Published: 2005 (Scribner)
Setting: 2000's U.S.A.
Summary: Chuck Klosterman's third major work of non-fiction explores how the death of a rockstar changes our memory of them. Klosterman further posits the question: How does how we remember the dead highlight what we think of ourselves, and how we see ourselves in relation to popular culture?
Klosterman, having been sent out by Spin Magazine to write a story about dead rockstars, drives over 6,000 miles from New York to Seattle, stopping on the way to meet old lovers, visit old haunts, and drive into the heart of America to see how it beats. Chuck moves through chapters alternately talking about the deaths of stars such as Buddy Holly, Elvis, and acts like Lynyrd Skynyrd and the Allman Brothers. When Klosterman isn't venturing into corn fields where the dreams of bands perished, he is drinking himself to the bottom of a bottle, calling his ex-lovers and having quasi-intellectual discussions that tiptoe around the larger issues in that relationship. Klosterman ends the book where he started, lovelorn and buried in knowledge which presents more questions than answers, but you always feel like he has an insight into your psyche even if he hasn't met you. He is a real writer, with prescient insights that hold up almost twenty year laters. He will make you love KISS b-sides even if you hate the band, he will make you ponder whether you want to smoke a J and climb up a fire-escape with a smokeshow, and he most definitely will make you hop in a car and breathe in this country while listening to Faster Pussycat.
Quote of the book: "I want to find out why plane crashes and drug overdoses and shotgun suicides turn long-haired guitar players into messianic prophets."
This is Chuck's research question, the driver of everything in this book.

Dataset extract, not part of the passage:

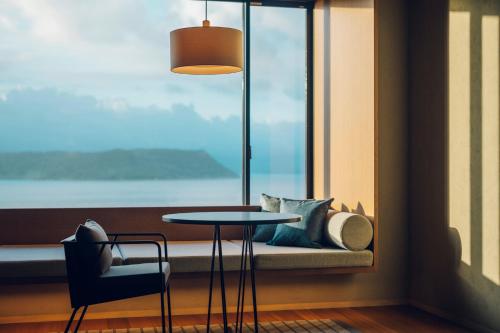 Twin room with sea view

Favorite Character: Chuck's frenemy, he shows up towards the end of the book and Chuck's description of this character is a lot like one of my friends. I relate to Chuck more than any other author by far.
Favorite Setting: Chuck's tender and insightful description of the town where the famous Great White concert fire occurred.
Favorite reference: Chuck put a portion of his Radiohead Kid A article about how it almost predicted 9/11 and is the haunting soundtrack to that horrific day.
Please stay for: Everything.
Please Question: Chuck's drinking problem (although now he is in his 40's and living a quiet life with a wife and kids in my hometown of Portland, OR).
Rating: 4.5/5, highly recommend with a guitar-pick on top.